Boxer Dogs Playing Poker
Cassius Marcellus Clay, the wry commercial artist who gave the world dogs playing poker, was born in upstate New York in 1844. He was named after the abolitionist Quaker,Cassius Marcellus Coolidge, one of the most eloquent anti-slavery politicians of the antebellum South, Kentucky Sen.
The young Quaker draftsman, known to friends and family as Cash, received no formal art education, but was placing sketches in his local newspaper by the time he was 20. He published a drawing in Harper’s Weekly in 1878, composed an opera about the New Jersey mosquito epidemic of 1881, and invented what he called “comic foregrounds,” those placards of headless musclemen and bathing beauties tourists like to prop their own heads above, to be photographed. All this while holding down a startling variety of day jobs in banking, education, and journalism.
In 1903, Coolidge was commissioned to produce a series of humorous paintings for the Brown & Bigelow Company, a purveyor of advertising calendars. His favorite subjects were large dogs like mastiffs, collies, Great Danes, and St. Bernards doing things only people can do. In nine of the 16 pictures, they drink bootleg whiskey and beer, smoke cigars or fusty meerschaum pipes, and avidly play five-card draw. A typical scene has them sitting in a comfortable den around the green felt top of a card table. A shaded lamp centered above them casts the scene’s only light. According to the grandfather clock in one of the dens, it’s 1:10 in the morning.
To a dog, Calvin Coolidge poker players are upper-middle-class magistrates and attorneys and men of affairs. The only females in the series are a couple of beagles that utilize their unrolled umbrellas to break apart a game in “Sitting Up With a Sick Friend”, and a lascivious black poodle dog presenting a tray of beverages in an unpublished version on “A Bold Bluff.”
The house paintings portray a good deal the indistinguishable poker and sexual politics that Tennessee Williams embellished more darkly in A Streetcar Named Desire, first brought out in 1947. Set in a New Orleans tenement to the tenors of a tinny blues piano, the play is a world in which men drink, holler, smoke, and play poker. (The Poker Night, in fact, personified Williams’ working title.) Except for one valet de chambre, Mitch, they all comport suchlike dogs–as in, “You dog, you.” The primary female personas are the bitchily insecure enchantress Blanche DuBois and her pregnant tenderer sister, Stella Kowalski. In either event, their game is to domesticate the bad dogs.

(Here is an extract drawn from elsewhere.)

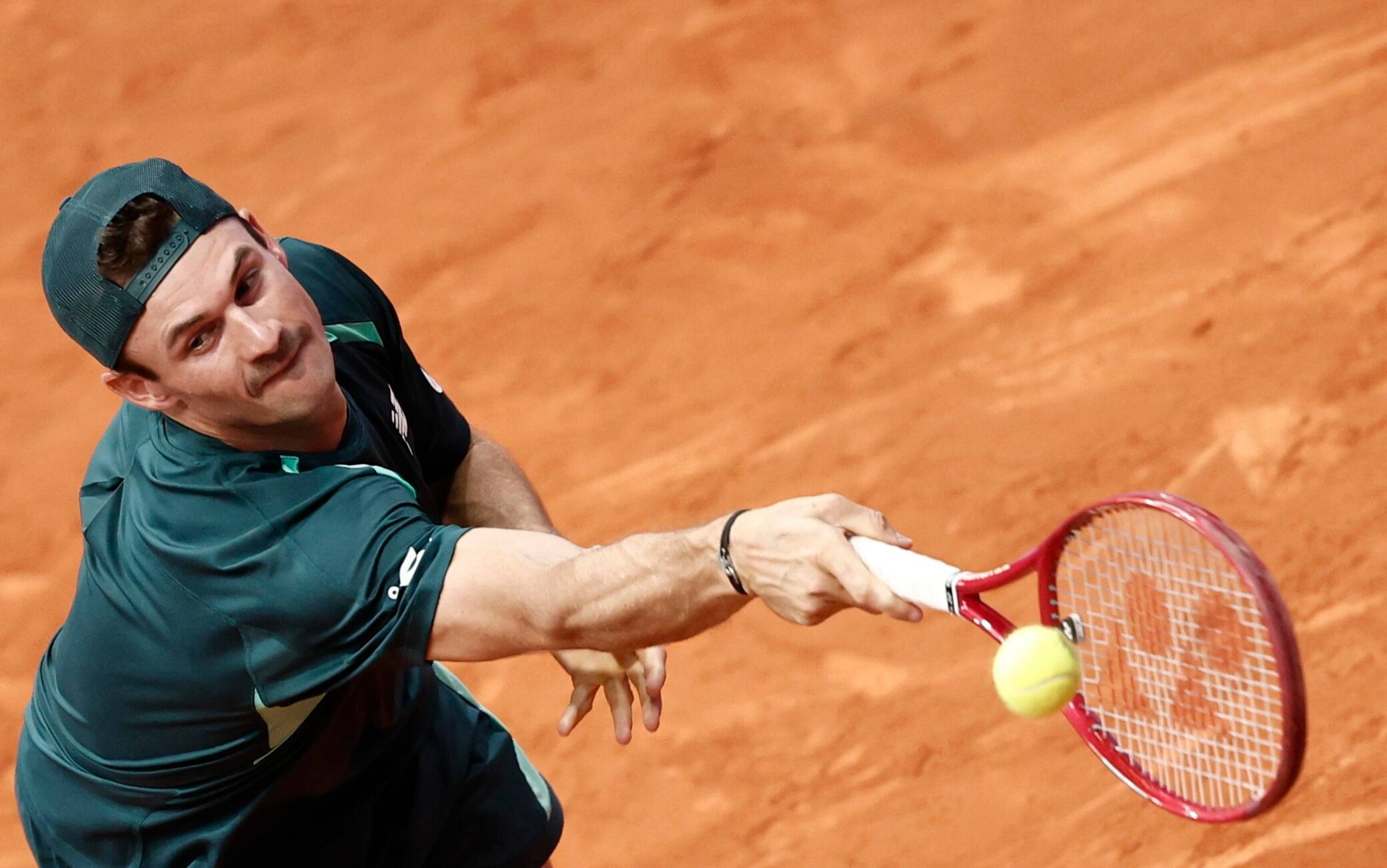 Paul-De Minaur: highlights Atp Amburgo. VIDEO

But contrary to Stanley Kowalski, thrusting his sinewy weight around in the 1st wife-beater T-shirt, Coolidges dogs are emasculated from the same cloth as Harry S Truman, the uxoriously conservative Kansas Town haberdasher who advanced on to become a magistrate and, by the time Streetcar opened, our most main line Chief Executive. The dogs don either flannel suits or handsome leather collars.

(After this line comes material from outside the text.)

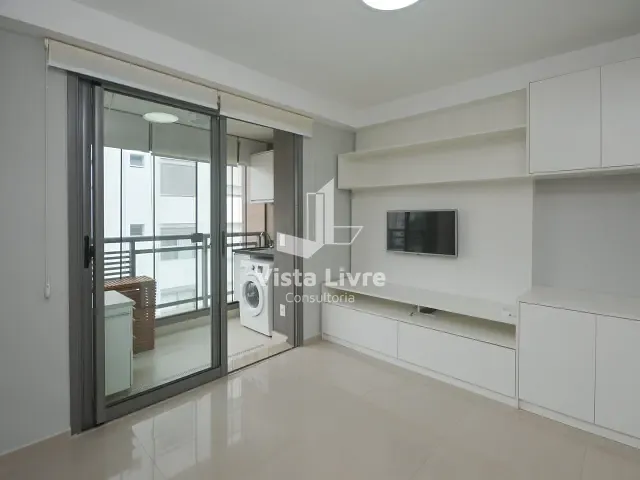 Apartamento com 36m² 1 quarto e 1 banheiro, à venda, no bairro Cidade Monções em São Paulo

A teentsy lager or scotch was took in, his memoirist secerns us, prohibition era notwithstanding. For the overmastering majority of men it had been a pastime rather than a formula to make hard currency, although winning always trumped the hell out of losing. Even the apparent cheating of Coolidges A crony in need, in which a English bulldog passes the ace of clubs under the table to a scrapper holding the 3 additional aces, is more than an ironic relation to the riverboat sharping of old than to anything these dogs would continually recur to while playing against one another.
Poker nights had comprised and circled on the calendars by solid male voters since 1875, the same year a New York Times editorialist felt arrived at the conclusion the national game Is not base-ball, but poker. By the change state of the century, the United States Printing Company, a purveyor of playing cards, had put together the 1st set of consistent rules for draw poker and mailed them to card clubs and newspapers round the country.